Explores is as fast as in 9.2.
Carbon apps work better as far as i know, (didn't do extensive testing)
The login menu has changed and as if the old one wasn't cool enough! The new one rocks ass, it shows u the avalable users, and when you select one it >shifts over beside a pasword type in field! it's so hype, and you can customise it further if you don't like that.
Dock, many otions, i like this, options are good.
And hey, this is neat, i'm not shure if it was available before but i just found out now: if you hide the dock, and a application needs your attention, it bounces like a ball at the bottom of the screen, its funny especially with the happy finder icon, it looks like a child trying to peek over a fence! 
well, that's it for now, i also saw a burn icon in the > customize toolbars in the finder prefs, didn't try it but maybe finder burning is available...
check out more pics at:http://homepage.mac.com/freelancevictor/PhotoAlbum.html


----------



## twister (Sep 21, 2001)

> The login menu has changed and as if the old one wasn't cool enough! The new one rocks ass, it shows u the avalable users, and when you select one it >shifts over beside a pasword type in field! it's so hype, and you can customise it further if you don't like that.

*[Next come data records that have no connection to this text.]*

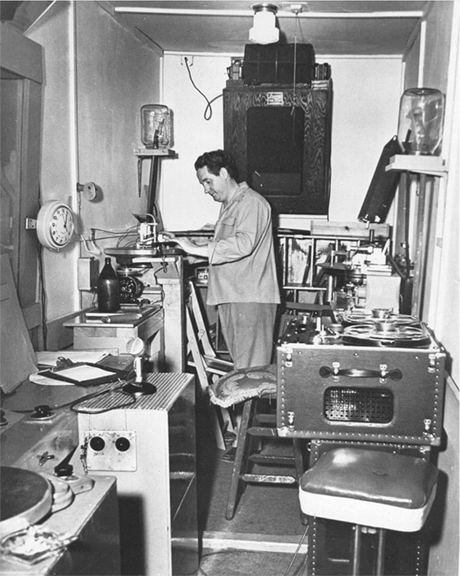 Les Paul in his workshop with an Ampex reel tape recorder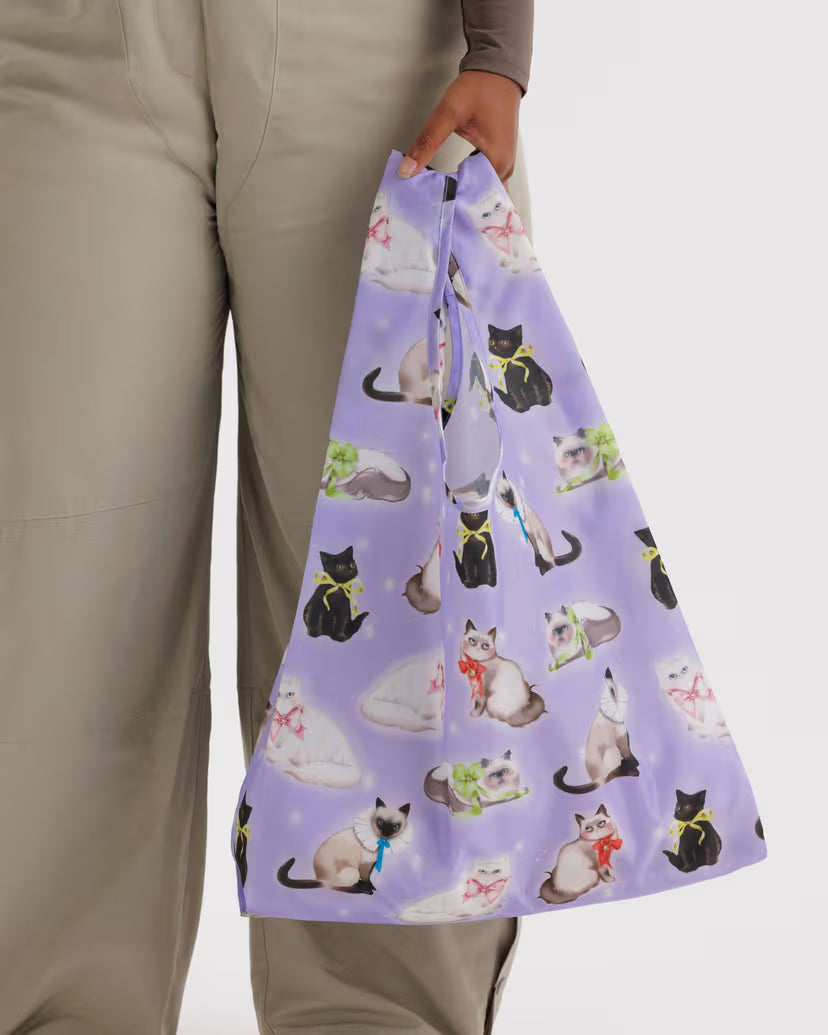 Person holding a purple reusable bag with cat patterns on a plain background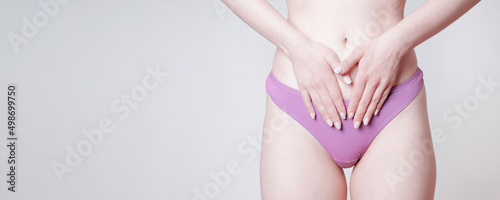 woman in pink panties touching belly as women's health concept photo
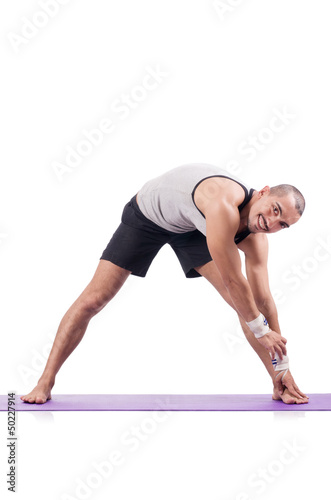 Photo: Man doing exercises on white Man doing exercises on white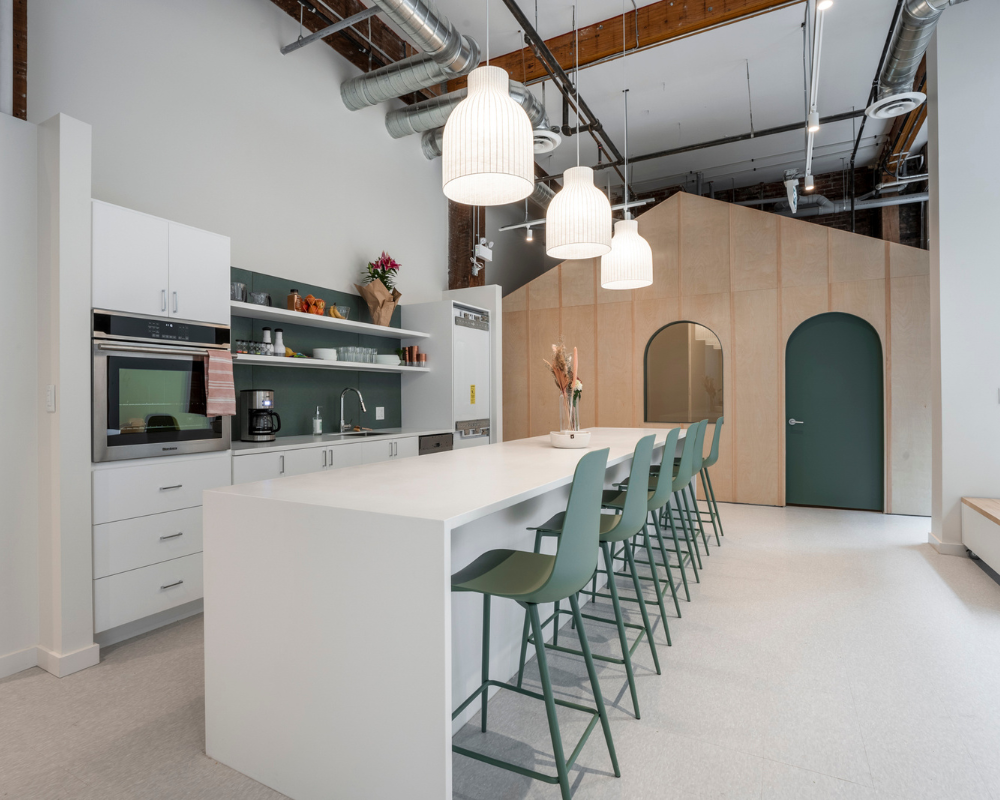 Modern common area at This World’s Ours Centre in Vancouver with a large kitchen island, green chairs, pendant lighting, and arched therapy room doorways.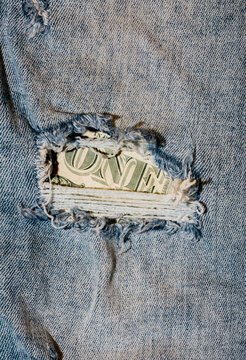 Torn jeans revealing dollar bill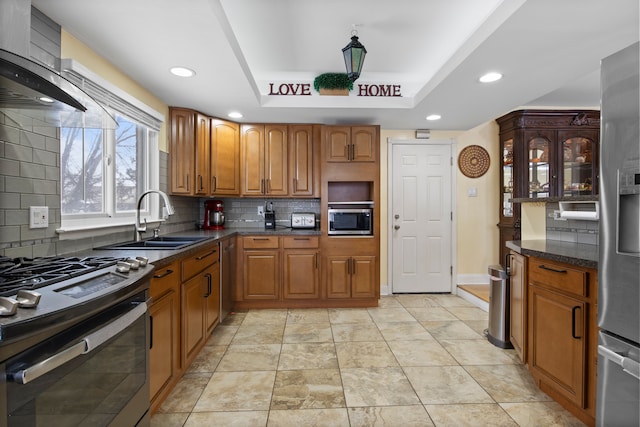 kitchen with sink, stainless steel appliances, wall chimney exhaust hood, tasteful backsplash, and a tray ceiling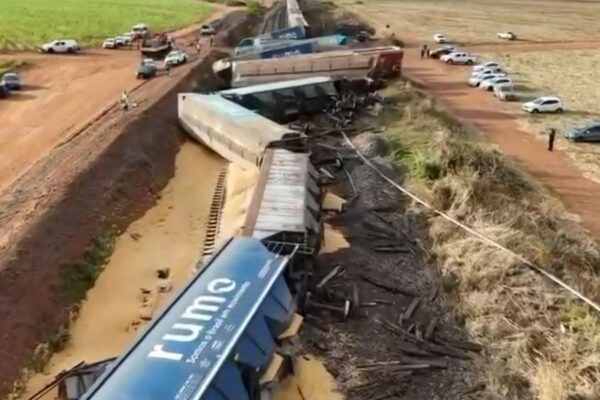 Descarrilamento em Araraquara: Trem de Carga Colide com Caminhão e Deixa 14 Vagões Fora dos Trilhos Vagões de trem de carga descarrilados e tombados ao lado da linha férrea, com milho espalhado no chão, após colisão com caminhão.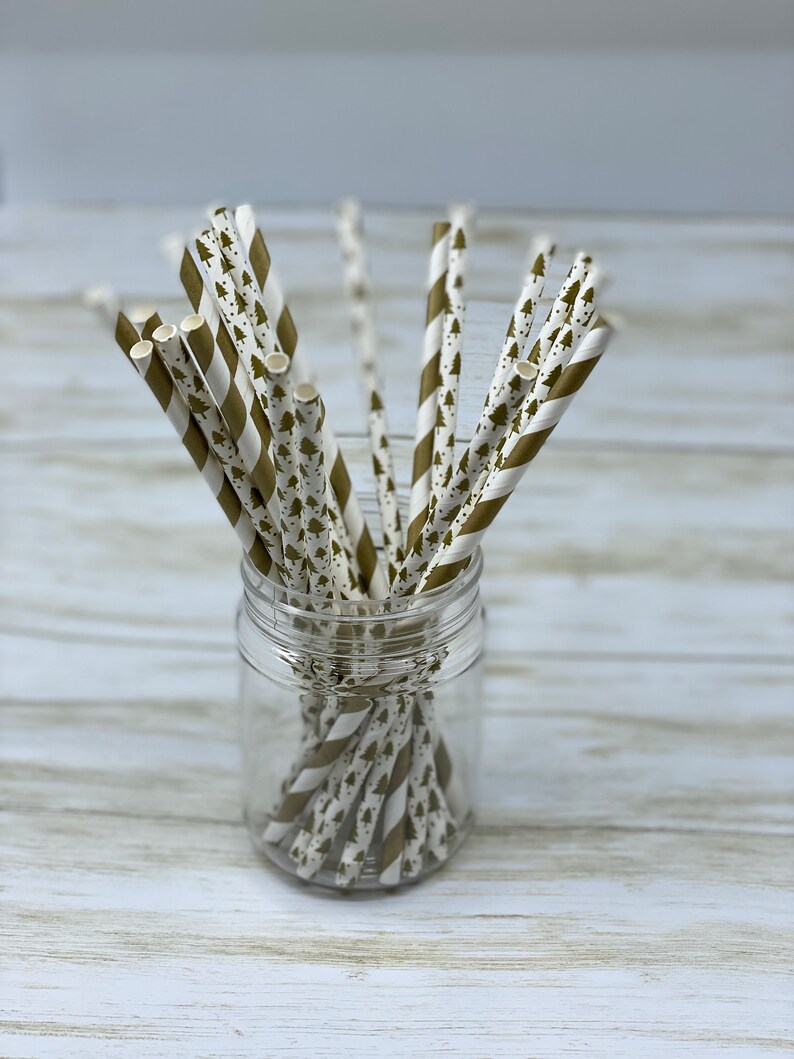 May include: A glass jar filled with gold and white striped paper straws with a pattern of small green trees.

I cant wait for my copy of 10.1 but whats up with the new login?  I dont want other people to see all the users.  I like the fact that you have to type the user name and password in.   I wanna keep some user info a secret.

Twister


----------



## Red Phoenix (Sep 21, 2001)

From every review that I have read, it is possible to choose either picking from a list, or having to type the name. I think that should make everyone happy.


----------



## cwoody222 (Sep 21, 2001)

Does the final version automatically offer to resize desktop picture wallpaper to fit the screen?

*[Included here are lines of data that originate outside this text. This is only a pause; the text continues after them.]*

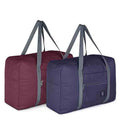 Foldable personal item duffel bag set in burgundy and navy with gray carry straps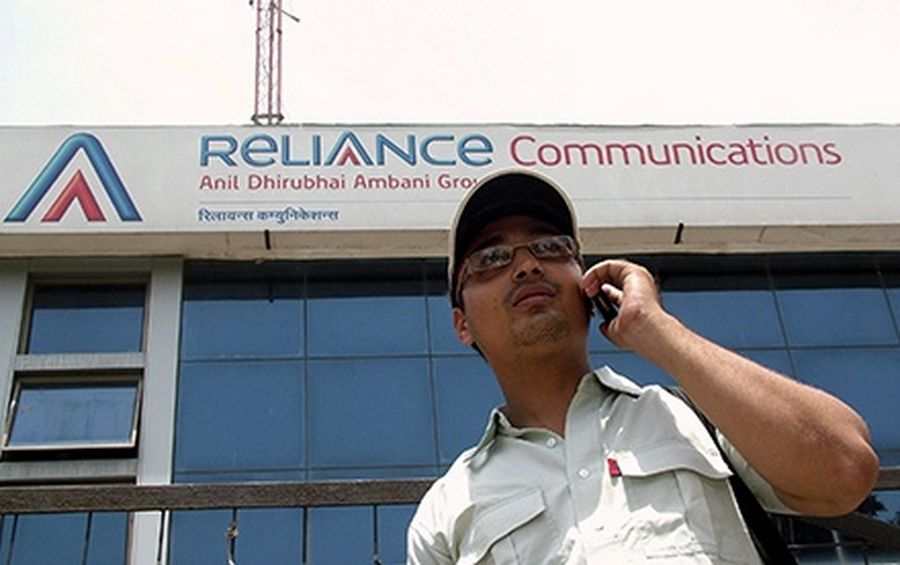 A man makes a call in front of an advertisement for India’s Reliance Communications in the northern Indian city of Mathura.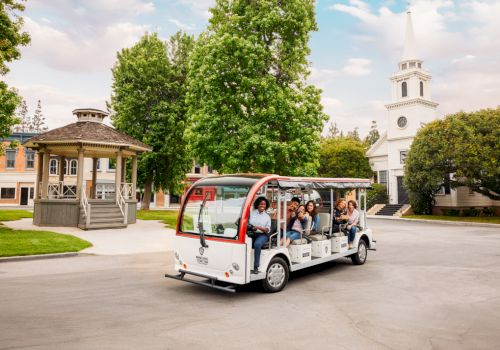 A group of people ride a small open-air tour bus near a gazebo and a church-like building with a tall steeple, surrounded by trees and greenery.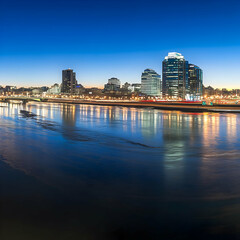 Obraz premium Cityscape Reflects in River at Twilight, Illuminating the Urban Landscape Beautifully.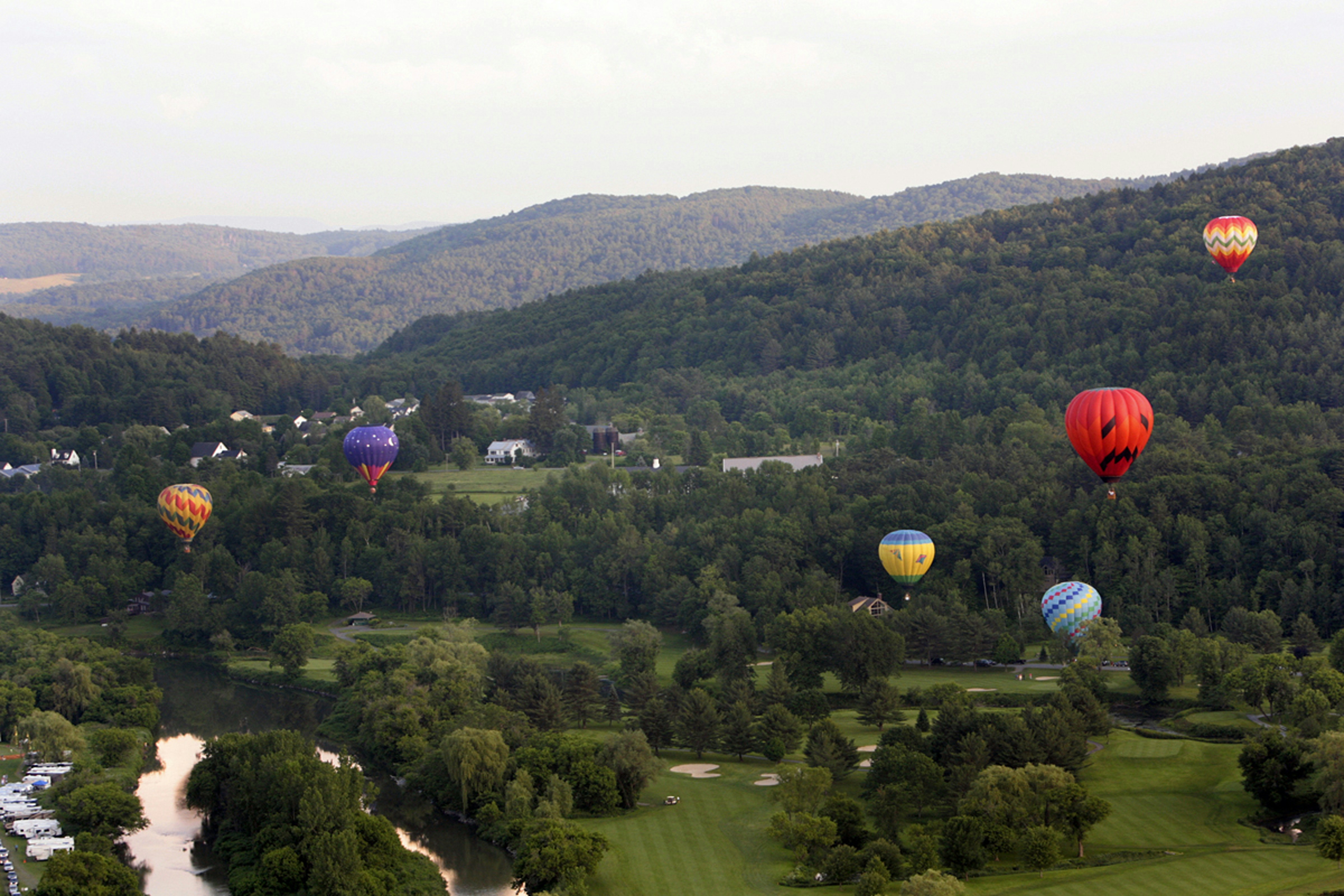 a group of hot air balloons flying over a golf course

I really hate that you have to manipulate the photo yourself in 10.4.


----------



## vikingstad (Sep 22, 2001)

> _Originally posted by twister _
> *
> I cant wait for my copy of 10.1 but whats up with the new login?  I dont want other people to see all the users.  I like the fact that you have to type the user name and password in.   I wanna keep some user info a secret.
> *



It's still an option to not show the users and type the name and password manually, no problem! However I like the user name selection better, as it is in os 9.


----------



## fryke (Sep 22, 2001)

Yes, login has definitely the option to either have the list of available users or to enter both login and password. I use the first on my iBook (where several people have their user spaces) and autologin on my TiBook, because I never give that to *any* other person, anyway. 

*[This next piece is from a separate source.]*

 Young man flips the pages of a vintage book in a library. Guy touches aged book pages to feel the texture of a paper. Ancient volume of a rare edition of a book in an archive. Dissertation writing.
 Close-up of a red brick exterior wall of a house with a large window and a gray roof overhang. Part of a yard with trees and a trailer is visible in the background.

Expect speed everywhere, not just in Finder and starting apps. Boot time has also been reduced dramatically (unless you reboot without the last chosen network available, but that's normal).

Explorer finally doesn't suck that big anymore, but I'm waiting for OmniWeb 4.1 because I just like that company that much.

StuffIt Deluxe 6.5 also greatly enhances the Finder experience by adding the shortcuts cmd-s and cmd-u I was so used to in 9.x.

Dock options suck if you have a two monitor setup, because 'left' means left on the left monitor and right means right on the right monitor, it should either stick to the main monitor or be totally relocatable (by hand would be my preference).

Fetch 4 needs definitely an update. It doesn't run in 10.1 right now.

The console application 'wget' has gone, which is sad, it was a great option to download stuff in the background, because most browsers (Explorer, OmniWeb, mozilla) still suffer in speed when you start too many downloads at the same time.

Overall review: Mac OS X is finally ready for prime time. Big time.


----------



## knighthawk (Sep 22, 2001)

blah blah blah

<i>edited to protect the innocent...</i>


----------



## vic (Sep 22, 2001)

thank you!! i thought i was the only one withoug wget! i thought i fucked up my computer or something!


----------



## vic (Sep 22, 2001)

you do?  how do you know? do u read minds?


----------



## vic (Sep 22, 2001)

i did not know about the non disclosure agrement, where do i read it?


----------



## vic (Sep 22, 2001)

How do u know those are not just foders with custom icons made into shortcuts containing nothing? it's certainly possible right?


----------



## vikingstad (Sep 22, 2001)

> _Originally posted by fryke _
> *
> The console application 'wget' has gone, which is sad, it was a great option to download stuff in the background, because most browsers (Explorer, OmniWeb, mozilla) still suffer in speed when you start too many downloads at the same time. *



You can find the wget binary which works fine for 10.1 here:
http://members.home.net/sau1good/wget.tgz

Good luck


----------



## knighthawk (Sep 22, 2001)

The picture is really cool and I like the way the dock looks now...  I would just change the content to say, the Utilities folder.  And no, I cannot read minds (if I could, I would be RICH!!!), but the Carracho Server/Client, Limewire, and the Surfers Serials kinda give it away.  =)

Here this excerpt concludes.